King of New York (The)
Titre original:King of New York (The)
Réalisateur:Abel Ferrara
Sortie:Cinéma
Durée:103 minutes
Date:18 juillet 1990
Note:
Frank White, un trafiquant de drogue puissant de New York, sort de prison. Pendant son séjour derrière les barreaux, il a réfléchi et il compte bien réorganiser le monde de la pègre. Il propose à chacun de ses concurrents de se joindre à lui, faute de quoi Frank se débarrasserait d'eux. Cette politique de nettoyage sanglante, qui révèle également le côté altruiste de Frank à travers son engagement pour le maintien de l'hôpital du quartier, bref, ce carnage sans pitié déplaît à la police qui se met aux trousses de Frank, coûte que coûte.

Critique de Tootpadu

Abel Ferrara ne fait plus tellement parler de lui de nos jours, en dépit de son dernier film avec Juliette Binoche qui sera projeté à Venise le mois prochain. Mais il y a pratiquement quinze ans, il commençait avec cette sombre saga une série de films remarquables qui inclut Bad Lieutenant, son remake de Body Snatchers et Snake Eyes avec Madonna.
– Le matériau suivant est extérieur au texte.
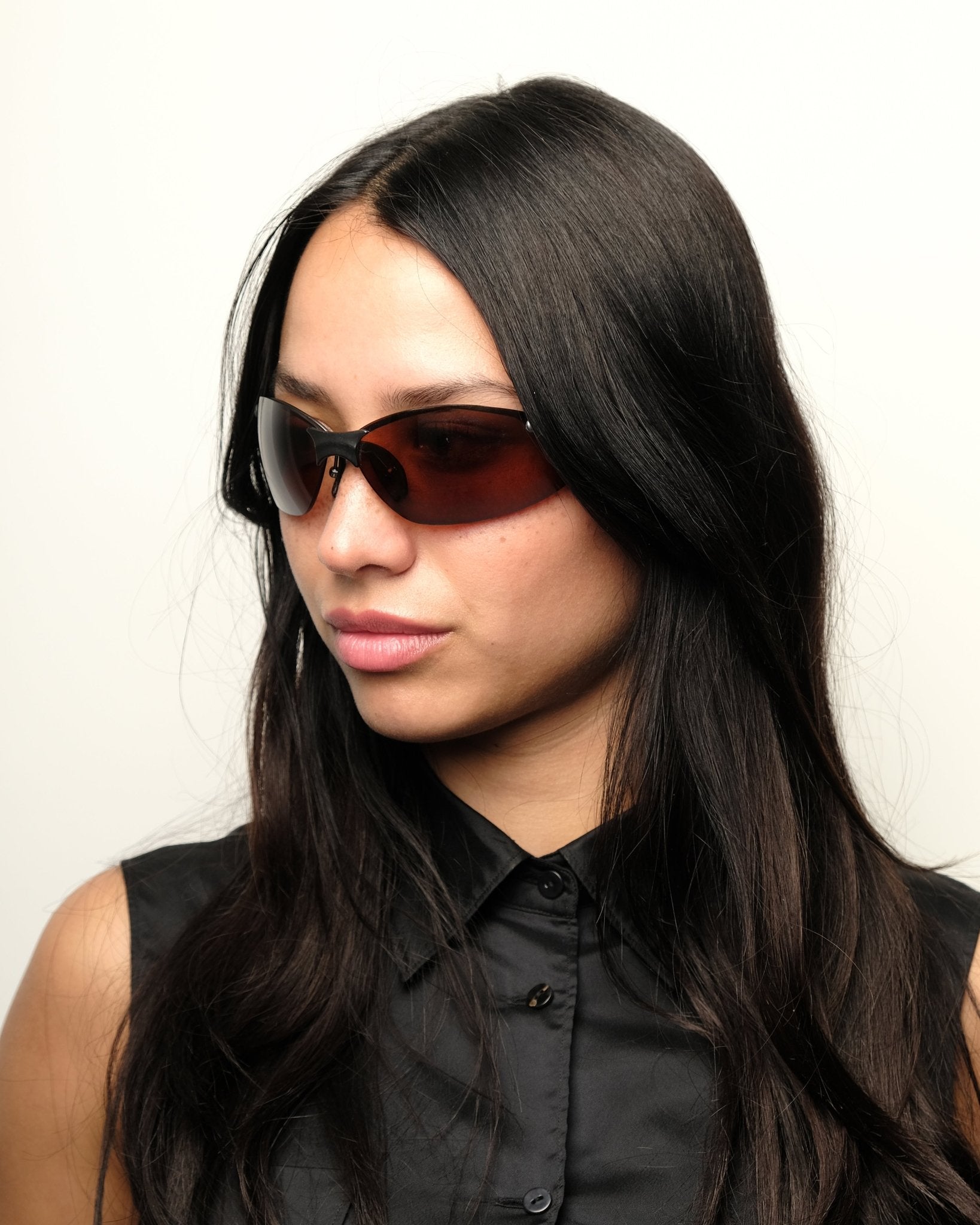 https://cdn.shopify.com/s/files/1/0818/5459/5398/files/columbia-columbia-sunglasses-vintage-su465-3104890.jpg?v=1778953752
Il n'a pas vraiment retrouvé les sommets de son art depuis, ce qui ne l'empêche pas d'être un des cinéastes les plus intéressants de la première moitié des années 1990.
Grâce à sa mise en scène tranchée au scalpel, il crée un monde à la fois menaçant et stylisé, passionnant et lucide. Et il se dresse comme un des grands réalisateurs new yorkais, qui savent donner à cette ville foisonnante une identité filmique, un aspect géographique qui décompose les taudis, les immeubles abandonnés, et les rues et ponts déserts éclairés par une lumière bleue mystifiante. Dans cette jungle urbaine, chaque communauté vit dans son coin, les Italiens mafieux, les Chinois des triades et les Irlandais policiers et buveurs. La mégalomanie du projet du personnage titre, qui rêve de faire quelque chose de bien pendant le temps qui lui reste, doit alors forcément se heurter contre cette cacophonie, en opposition à cette pluralité d'intérêts. En quelque sorte, l'ambition politique de Frank White, dans le parlement de la rue, est de transformer le mal en bien, de liquider tous les malfrats pour qu'il y ait un lieu où les victimes de cette guerre sanguinaire peuvent se faire soigner. L'ironie qui découle de ce combat irréel apporte un ton élégiaque à cette opéra brillante sur la déchéance inévitable d'un criminel. Que ce dernier n'arrive pas à se faire comprendre, ni par la police auprès de laquelle il veut passer comme un simple homme d'affaire, ni auprès de ses concurrents dont il partage les méthodes abjectes, mais desquels il prétend se distinguer par la noblesse de ses intentions, le rend inévitablement tragique, telle une figure volontairement prisonnière de son style de vie.
A l'intérieur de la narration très maîtrisée et merveilleusement stylisée d'Abel Ferrara, Christopher Walken impressionne par son jeu imprévisible. Sa machine de guerre qui a entrepris une croisade pour se racheter selon ses propres règles est probablement un des personnages les plus inquiétants de l'histoire du cinéma. Cet homme assez sophistiqué, assez intelligent et sans scrupules pour comprendre sa condition de chef de la pègre interpelle inlassablement par la dualité de ses actions : la violence sans merci de ses meurtres en cascade ne pourra en effet jamais se réconcilier avec la quasi-naïveté de ses projets humanitaires. Grâce au jeu aussi subtil qu'imposant de Christopher Walken, Frank White n'apparaît jamais tout à fait comme un illuminé, mais jamais comme un homme résigné et mélancolique non plus. En bref, Walken réussit ici le rare exploit de laisser exister son personnage dans un équilibre précaire entre des forces diamètralement opposées.